Exercise input:
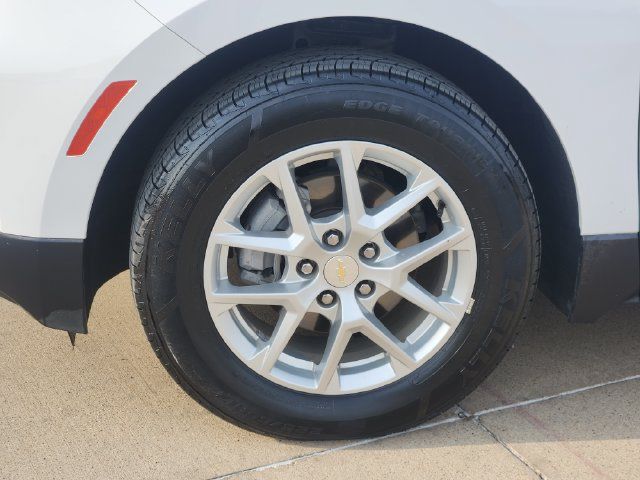 Used 2024 Chevrolet Equinox LS w/ LS Convenience Package FWD image 17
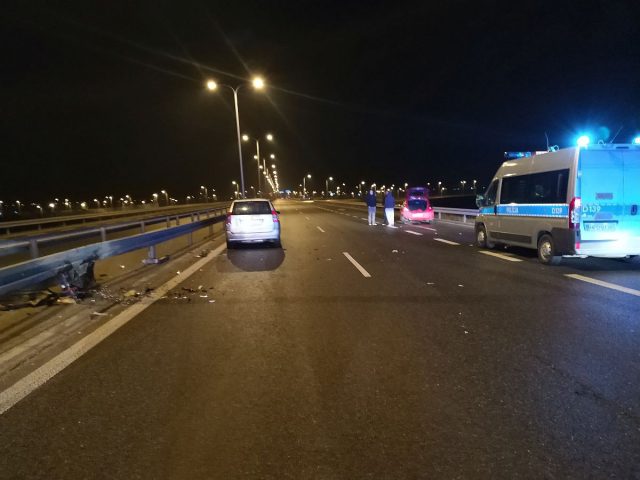 Pijany kierowca staranował jadącego przed nim opla. Droga z Lublina do Świdnika zablokowana (zdjęcia)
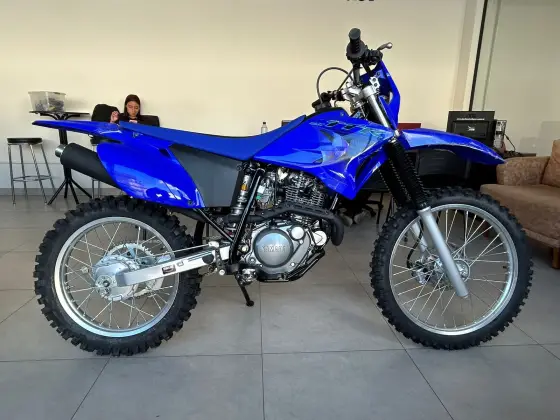 YAMAHA TT-R 230 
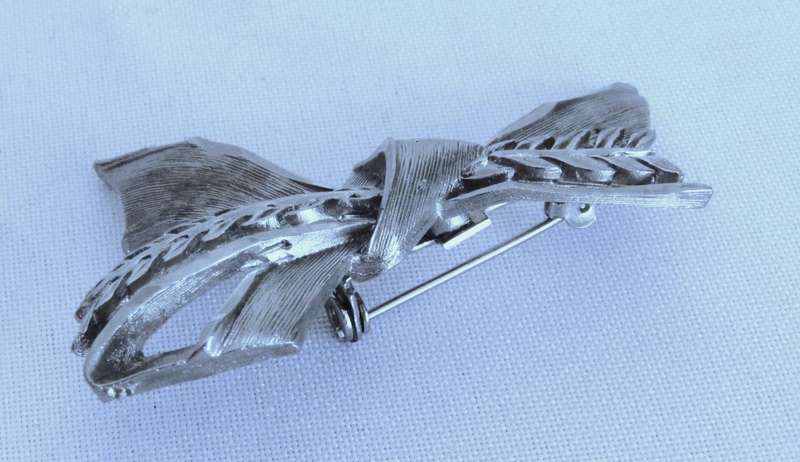Vintage silver tone bow brooch pin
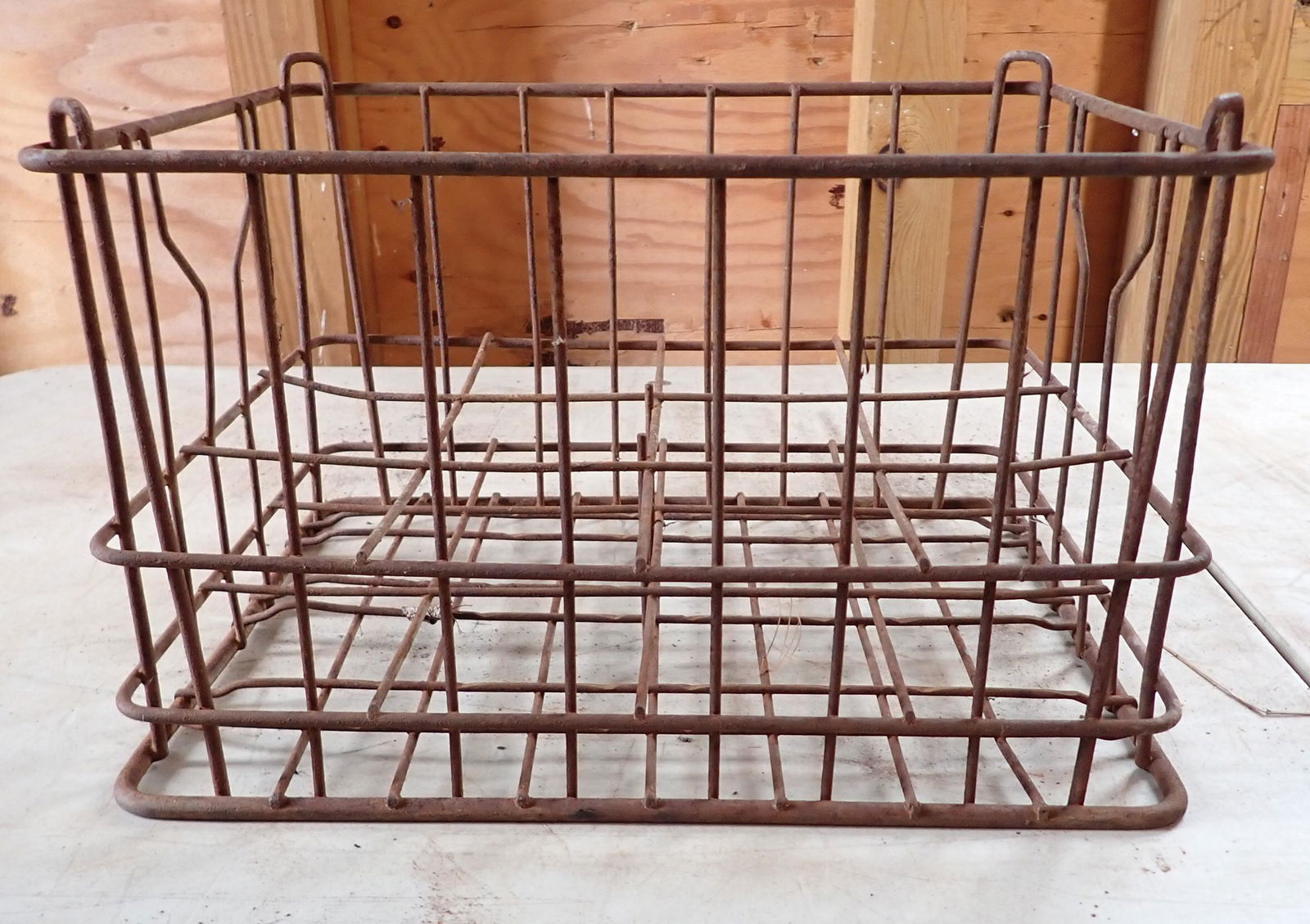 Wire Milk Crate (1 of 2)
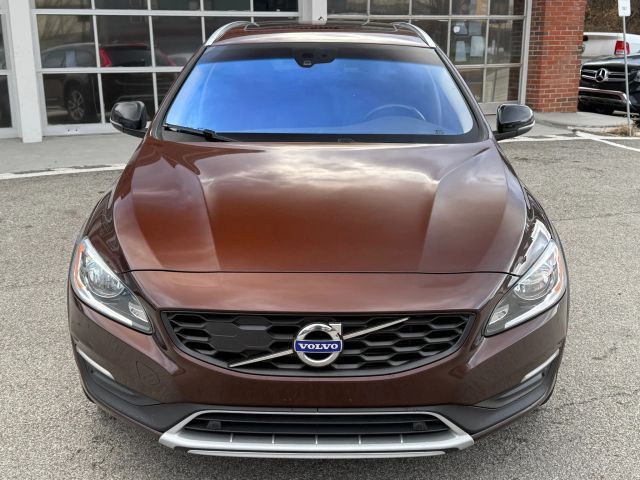 2018 Volvo V60 Cross Country Base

What the task requires: Set down word for word, from the line that contains "Wire Milk Crate (1 of 2)" to the end of the listing above, every line and no picture.

Response to the exercise:
 Wire Milk Crate (1 of 2)
 2018 Volvo V60 Cross Country Base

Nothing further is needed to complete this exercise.